She jumped up outta the car.  Pulled her hair down her eye.  And do you know what she tol’ me?  Do you know what she try to tell me?  She said, “Woo ee ah ah!  Woo ee ah ah!  Woo ee ah ah!  Woo ee ah ah!  Woo woo eeeyaaaah!” – Hasil Adkins

Have you ever suddenly detached from the meaning of words while in the act of speaking?  Maybe you’re regaling a group of friends with some dead-air-filler of an anecdote when your attention abruptly shifts from the content of your story to the bizarre sounds disgorging from your kisser.  Why the hell am I making these noises?, you ask yourself through the application of the same exact noises being called into question.  Can’t I just shut up?  Do I really have to keep making these ludicrous sounds for the rest of my life?  At that moment, perhaps one of your friends interjects with a relevant anecdote of his own but to your ears, he might as well be saying, “Flibberdeegarnk schmiddlepog blop nizzly!”

Every time I post another of my online polemics, I am trusting that the reader will extract the intended meaning from my chosen arrangement of characters.  We all take this for granted.  Of course, someone who doesn’t speak English would experience the essay for what it really is: a display of symbolic characters that translate into audible speech patterns that may or may not cause the listener to think and visualize specific concepts or images. If, for whatever reason, they do not, then they are nothing more than an incomprehensible cacophony.

Incidentally, that might have made a more appropriate title for my blog page: Incomprehensible Cacophony.  I sure do talk a lot of shit, don’t I?  And I’ll continue to do so because it’s just the kind of animal I am – a noise making, key-tapping hairless ape.

But I’m here to announce a slight adjustment to the vibrations I will henceforth cause your ears to receive from your larynx as you utilize my blog to read your children to sleep at night. (That’s what everyone does, right?)  Spooky Action At A Distance shall henceforth cease and desist from the utilization of the following words that I have now officially beaten to a bloody pulp:

Ubiquitous
Anthropomorphic
Replete
Eschew
Untenable
Impotent
Proscription
Xenophobia
Schadenfreude
Pantheism

I will continue to overuse the words fuck, shit and douchebag as per usual.
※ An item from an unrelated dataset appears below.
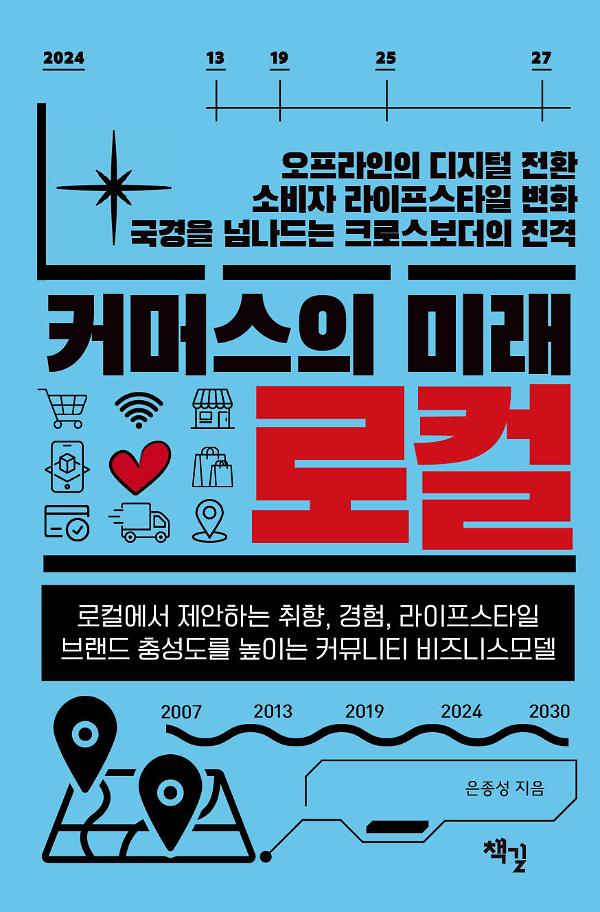 평면표지(2D 앞표지)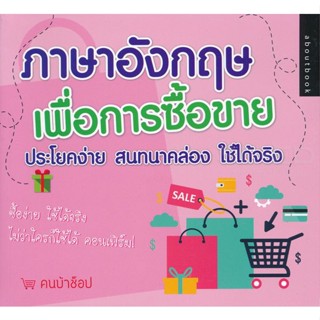 Bundanjai (หนังสือ) ภาษาอังกฤษเพื่อการซื้อขาย ประโยคง่าย สนทนาคล่อง ใช้ได้จริง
In case you fear that the expulsion of those haughty appellations will render my pontification rather lifeless (note to self: add “Pontification” to above list of banned words), keep an eye out for the increased utilization of the following words on this page:

Phlegm
Amyotrophic Lateral Sclerosis
Cattywampus
Chumbawumba
Jesus Jones
Absquatulate
Cuttlefish

Like it or not, it’s time for a new direction, y’all.  I will endeavor to subject you to as few cattywampus linguistic juxtapositions as possible and maybe you can make some sense of it all.  Christ knows I can’t.

 

 

31 thoughts on “Words [wurds] n.

  1. Making sense is highly overrated.

    When I get my brain spinning too fast, reading tiny words across the web, I just come here and try and slog through your long words which forces my brain to grind into low gear. So, just as long as you substitute other egregiously lengthy words for those you’re banishing, I’ll be fine. (Although, I do like the word pontificate.)

    Liked by 1 person

  2. Them wurds is hard to read. We could all do with a little word-trimming in our lives, I suppose, and it’s good to be reminded of that. However, if you don’t mind, I’d like to use “Blop Nizzly” as my rap name from now on.

    Liked by 1 person

  3. God damn, I need a new dictionary now.
    BTW, I love your shit. Your shit makes sense unlike lots of other shits which don’t.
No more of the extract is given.